Walking across a parking lot leaves me feeling like an actor in an old horror movie, but instead of a zombie trying to eat my brains, it’s grasshoppers. No matter how fast I walk they manage to get me. They latch onto my clothes. They flutter through the air like kamikaze pilots. It’s stressful just to leave my home.
The other day, I sat in my car, put it in drive and made my way down the road. As I sang to the radio I felt something touch my leg. Not just something, something with multiple creepy legs.
A grasshopper had snuck into my car and was now attacking me, putting my very life in danger.
I spazzed guys, I freaked out. This beady-eyed devil wouldn’t let go of my leg. As I tried to keep my car from swerving all over the road, I managed to swat the six-legged hazard into the floorboard.
It was that moment I decided… it is them or us.
Is it “global warming?” Is this a sign that bugs are plotting our demise, soon to take over the world, as we know it?
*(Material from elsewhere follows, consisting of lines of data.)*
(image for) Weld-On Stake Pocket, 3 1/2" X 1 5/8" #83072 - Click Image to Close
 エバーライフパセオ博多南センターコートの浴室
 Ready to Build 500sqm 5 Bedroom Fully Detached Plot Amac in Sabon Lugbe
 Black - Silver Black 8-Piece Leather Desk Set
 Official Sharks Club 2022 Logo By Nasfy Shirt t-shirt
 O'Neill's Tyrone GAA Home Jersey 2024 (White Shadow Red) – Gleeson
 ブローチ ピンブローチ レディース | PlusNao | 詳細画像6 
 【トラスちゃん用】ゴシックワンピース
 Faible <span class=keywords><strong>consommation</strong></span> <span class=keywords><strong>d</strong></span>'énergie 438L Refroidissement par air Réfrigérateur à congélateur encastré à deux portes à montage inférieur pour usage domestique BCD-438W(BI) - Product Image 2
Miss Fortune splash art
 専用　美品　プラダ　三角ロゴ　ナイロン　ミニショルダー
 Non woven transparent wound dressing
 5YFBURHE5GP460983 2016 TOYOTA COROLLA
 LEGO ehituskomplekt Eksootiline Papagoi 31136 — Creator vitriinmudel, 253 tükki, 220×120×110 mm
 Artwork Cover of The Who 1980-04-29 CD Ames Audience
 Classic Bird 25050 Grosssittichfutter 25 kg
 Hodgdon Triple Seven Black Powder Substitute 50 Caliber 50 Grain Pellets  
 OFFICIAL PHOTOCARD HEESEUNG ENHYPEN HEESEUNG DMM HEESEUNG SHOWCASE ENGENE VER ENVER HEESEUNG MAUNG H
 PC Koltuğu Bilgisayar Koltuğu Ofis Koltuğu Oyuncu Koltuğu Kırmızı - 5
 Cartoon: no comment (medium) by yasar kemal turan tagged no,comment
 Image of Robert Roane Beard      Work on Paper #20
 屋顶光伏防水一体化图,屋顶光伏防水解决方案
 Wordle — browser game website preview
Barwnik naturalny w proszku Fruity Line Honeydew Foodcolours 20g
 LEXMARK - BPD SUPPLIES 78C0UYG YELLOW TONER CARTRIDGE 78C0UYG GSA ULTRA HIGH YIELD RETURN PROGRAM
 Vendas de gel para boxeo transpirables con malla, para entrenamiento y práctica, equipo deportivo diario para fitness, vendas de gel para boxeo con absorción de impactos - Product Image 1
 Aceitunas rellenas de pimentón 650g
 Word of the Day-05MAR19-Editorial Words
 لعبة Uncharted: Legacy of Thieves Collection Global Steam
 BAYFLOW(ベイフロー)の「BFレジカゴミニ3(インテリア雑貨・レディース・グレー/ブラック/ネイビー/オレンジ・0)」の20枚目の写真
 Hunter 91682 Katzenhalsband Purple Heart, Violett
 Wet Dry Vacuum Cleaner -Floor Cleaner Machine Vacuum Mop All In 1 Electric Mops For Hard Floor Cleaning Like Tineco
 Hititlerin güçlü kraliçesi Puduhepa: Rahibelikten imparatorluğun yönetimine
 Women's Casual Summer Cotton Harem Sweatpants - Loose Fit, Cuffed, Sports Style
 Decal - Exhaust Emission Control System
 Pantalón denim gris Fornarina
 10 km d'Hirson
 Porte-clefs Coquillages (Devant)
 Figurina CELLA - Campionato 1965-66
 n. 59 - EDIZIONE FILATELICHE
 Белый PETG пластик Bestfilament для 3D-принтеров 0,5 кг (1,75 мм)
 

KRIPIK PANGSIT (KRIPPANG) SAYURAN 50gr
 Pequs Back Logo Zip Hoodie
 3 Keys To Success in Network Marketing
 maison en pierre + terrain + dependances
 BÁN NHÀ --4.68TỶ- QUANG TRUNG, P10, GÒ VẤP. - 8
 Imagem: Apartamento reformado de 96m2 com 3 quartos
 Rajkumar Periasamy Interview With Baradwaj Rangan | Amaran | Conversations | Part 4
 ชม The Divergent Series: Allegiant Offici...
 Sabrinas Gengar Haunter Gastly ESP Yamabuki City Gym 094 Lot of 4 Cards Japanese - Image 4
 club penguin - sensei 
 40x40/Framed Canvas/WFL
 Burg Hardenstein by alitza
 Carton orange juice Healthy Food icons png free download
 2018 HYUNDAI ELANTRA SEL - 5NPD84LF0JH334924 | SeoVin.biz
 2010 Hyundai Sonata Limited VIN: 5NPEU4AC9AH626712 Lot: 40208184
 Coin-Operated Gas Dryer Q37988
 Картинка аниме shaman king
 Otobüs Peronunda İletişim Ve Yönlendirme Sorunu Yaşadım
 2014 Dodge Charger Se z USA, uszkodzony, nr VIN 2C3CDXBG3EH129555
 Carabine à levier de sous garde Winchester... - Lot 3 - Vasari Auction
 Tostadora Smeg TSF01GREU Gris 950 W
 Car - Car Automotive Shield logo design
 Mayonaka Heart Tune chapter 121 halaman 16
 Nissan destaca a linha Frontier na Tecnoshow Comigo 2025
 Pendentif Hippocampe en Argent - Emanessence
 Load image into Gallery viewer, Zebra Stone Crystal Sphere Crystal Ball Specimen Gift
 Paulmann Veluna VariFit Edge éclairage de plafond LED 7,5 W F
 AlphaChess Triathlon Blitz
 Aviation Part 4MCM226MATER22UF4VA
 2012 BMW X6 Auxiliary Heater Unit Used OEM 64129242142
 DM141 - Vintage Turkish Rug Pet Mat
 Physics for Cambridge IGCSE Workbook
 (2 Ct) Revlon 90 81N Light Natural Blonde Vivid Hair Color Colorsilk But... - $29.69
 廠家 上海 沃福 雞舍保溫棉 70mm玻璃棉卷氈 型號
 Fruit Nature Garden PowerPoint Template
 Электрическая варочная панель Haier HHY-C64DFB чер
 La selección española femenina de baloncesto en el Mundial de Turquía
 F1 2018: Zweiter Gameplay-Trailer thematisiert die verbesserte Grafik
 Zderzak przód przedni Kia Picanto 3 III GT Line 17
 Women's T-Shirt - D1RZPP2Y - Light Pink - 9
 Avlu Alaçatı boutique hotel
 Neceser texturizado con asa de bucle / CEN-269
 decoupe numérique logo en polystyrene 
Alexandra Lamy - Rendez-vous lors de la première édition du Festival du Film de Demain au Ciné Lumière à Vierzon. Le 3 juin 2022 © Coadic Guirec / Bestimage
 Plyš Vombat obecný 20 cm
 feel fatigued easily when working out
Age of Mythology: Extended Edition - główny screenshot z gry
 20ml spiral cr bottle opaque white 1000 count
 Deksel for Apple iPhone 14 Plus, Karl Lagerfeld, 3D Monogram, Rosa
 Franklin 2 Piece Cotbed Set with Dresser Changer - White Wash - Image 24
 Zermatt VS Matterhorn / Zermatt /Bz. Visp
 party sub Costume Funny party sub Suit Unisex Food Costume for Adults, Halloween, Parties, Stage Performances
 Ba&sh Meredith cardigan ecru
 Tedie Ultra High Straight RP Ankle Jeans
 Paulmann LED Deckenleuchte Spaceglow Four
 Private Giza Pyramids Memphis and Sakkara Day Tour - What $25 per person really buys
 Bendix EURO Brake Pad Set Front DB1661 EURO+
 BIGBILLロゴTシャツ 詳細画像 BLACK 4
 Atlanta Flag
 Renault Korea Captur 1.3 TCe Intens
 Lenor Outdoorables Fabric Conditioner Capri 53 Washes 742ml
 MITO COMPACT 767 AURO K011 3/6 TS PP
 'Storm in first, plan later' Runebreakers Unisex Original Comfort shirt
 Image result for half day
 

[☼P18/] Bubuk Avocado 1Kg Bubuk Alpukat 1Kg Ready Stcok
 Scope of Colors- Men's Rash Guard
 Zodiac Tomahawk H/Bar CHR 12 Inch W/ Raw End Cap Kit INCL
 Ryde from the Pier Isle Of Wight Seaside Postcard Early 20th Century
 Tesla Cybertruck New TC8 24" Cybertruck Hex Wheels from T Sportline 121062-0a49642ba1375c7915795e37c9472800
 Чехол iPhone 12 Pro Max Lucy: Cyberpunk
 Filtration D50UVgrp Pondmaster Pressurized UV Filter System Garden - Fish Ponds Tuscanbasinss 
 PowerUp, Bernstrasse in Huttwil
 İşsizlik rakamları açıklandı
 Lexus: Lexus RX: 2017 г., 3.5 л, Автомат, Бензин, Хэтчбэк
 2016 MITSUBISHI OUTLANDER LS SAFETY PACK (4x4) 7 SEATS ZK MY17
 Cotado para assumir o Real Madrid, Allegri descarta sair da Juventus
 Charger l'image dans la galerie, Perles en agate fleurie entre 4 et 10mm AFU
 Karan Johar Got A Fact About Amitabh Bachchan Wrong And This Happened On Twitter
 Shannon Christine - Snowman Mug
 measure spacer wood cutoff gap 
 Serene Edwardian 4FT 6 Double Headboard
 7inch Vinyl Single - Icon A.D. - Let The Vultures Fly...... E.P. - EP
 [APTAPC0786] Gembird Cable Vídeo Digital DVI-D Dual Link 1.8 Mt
As farfetched as these thoughts may be, science says that animals and insects have a sixth sense about these things. They know if seasons are changing or if we’re about to be hit by a massive storm, even when humans do not. Do the grasshoppers know something we don’t? Is the end near?
I don’t know why they’re here, why there are so many or what it all means… I just want them gone.